**Exercise objective**
I'd ask you to write out the lines below exactly, with no images.

**Dataset extract**
- - - - -
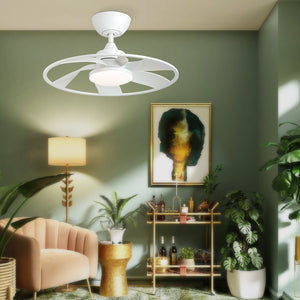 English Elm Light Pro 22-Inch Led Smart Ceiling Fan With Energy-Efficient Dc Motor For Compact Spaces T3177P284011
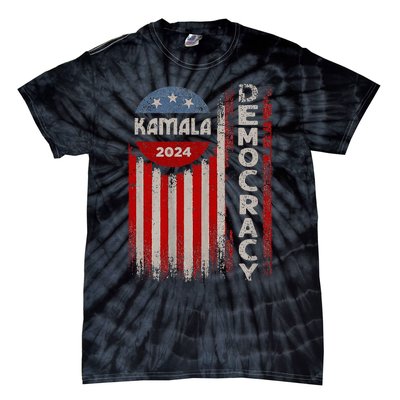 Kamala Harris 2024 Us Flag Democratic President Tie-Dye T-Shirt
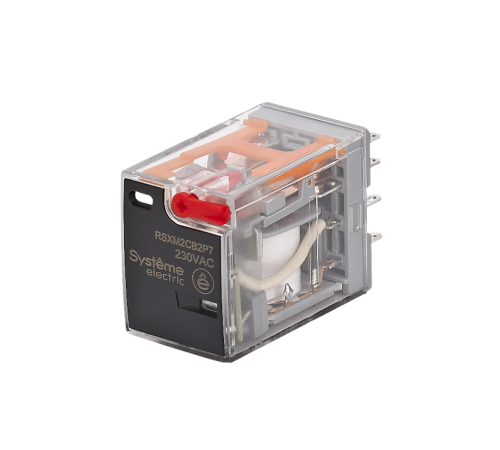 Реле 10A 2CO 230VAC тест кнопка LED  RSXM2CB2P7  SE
- - - - -
**Exercise answer**
 English Elm Light Pro 22-Inch Led Smart Ceiling Fan With Energy-Efficient Dc Motor For Compact Spaces T3177P284011
 Kamala Harris 2024 Us Flag Democratic President Tie-Dye T-Shirt
 Реле 10A 2CO 230VAC тест кнопка LED  RSXM2CB2P7  SE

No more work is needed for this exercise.